From violence and denial to nonviolence and acceptance
Judas and company had prepared for violence by carrying weapons. When Peter met violence with violence, Jesus corrected him. By doing so, Jesus showed us an example of nonviolence. Faced with hatred, violence and false accusation, Jesus remained true to himself and his mission. He was willing to endure trials because he put his confidence in the Father. In John’s Gospel, Jesus was fully aware of everything that was about to happen to him. In contrast to how the other Gospel writers portray him, the Jesus of John was not crying out in agony. There is no mention of Simon of Cyrene. Jesus carried his cross by himself. This element is a continuation of Jesus’ self-gift in John: Jesus lays down his life as he wishes. He voluntarily accepted his suffering because of the Father and because of his love for his own: having “loved his own,… he loved them to the end” (Jn 13:1).
Peter, the one who met violence with violence, becomes the one who denies his master. He goes from one extreme to the other: from violence to cowardice. He even denies knowing Jesus. In contrast to Jesus who showed who he really was by saying “I AM,” Peter denies his relationship with the master by saying “I am not.” Ironically, his denial appears to be true because he is closer to the slaves and guards than to Jesus. Warming himself along with Jesus’ opponents, Peter fails to recognize himself as Jesus’ disciple. And probably, Peter fails to recognize Jesus as king and priest.

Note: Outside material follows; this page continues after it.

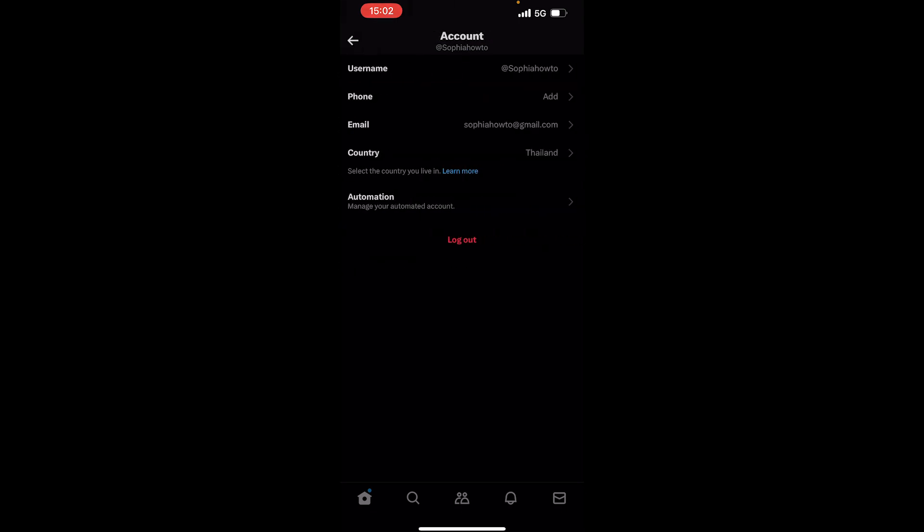Now on this page, you will see the first one, which is your username. You need to tap on that.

From kingship to priesthood
Like Peter, Pilate went from one place to another. He was dealing with Jesus inside and then with the high priests and the crowds outside. His back and forth movement indicated his uncertainty and fear. But finally, Pilate came to affirm the kingship of Jesus by making it known in the three languages that embraced the world of that time: Hebrew, Latin and Greek. While Pilate thought about the kingdom in a political sense, Jesus gave to it a totally different meaning: his kingdom was not of this world. As always, Jesus’ world was upside down. For him, even the crucifixion became the place of glorification: Jesus reigned from the wood of the cross.
Besides the division of Jesus’ garments, mentioned by the other evangelists, John added another precision: the seamless tunic that was not divided. This precision allows us to think about the high priest who wore a seamless tunic. And so, John presents Jesus on the cross not only as a king but also as a priest. Being king and priest, Jesus, even at the most painful moment of his life, was able to reach out to others. He founded a new family that was not based on a blood relationship, but on discipleship. And we are all members of that family.
Before saying his last word — “it is finished” — Jesus said, “I thirst.” The one who promised the Samaritan woman the water of eternal life became thirsty at death. He embraced fully the human condition by expressing his thirst. He experienced human thirst in order to quench it with the water and blood flowing out from his side. From that moment on, water, symbol of baptism, will purify our lives; and blood, symbol of the Eucharist, will nourish our souls.
Prayer: Lord Jesus, help me to be close to you in your suffering in order to transform my mortal condition.
Resolution: Slow down on this Good Friday.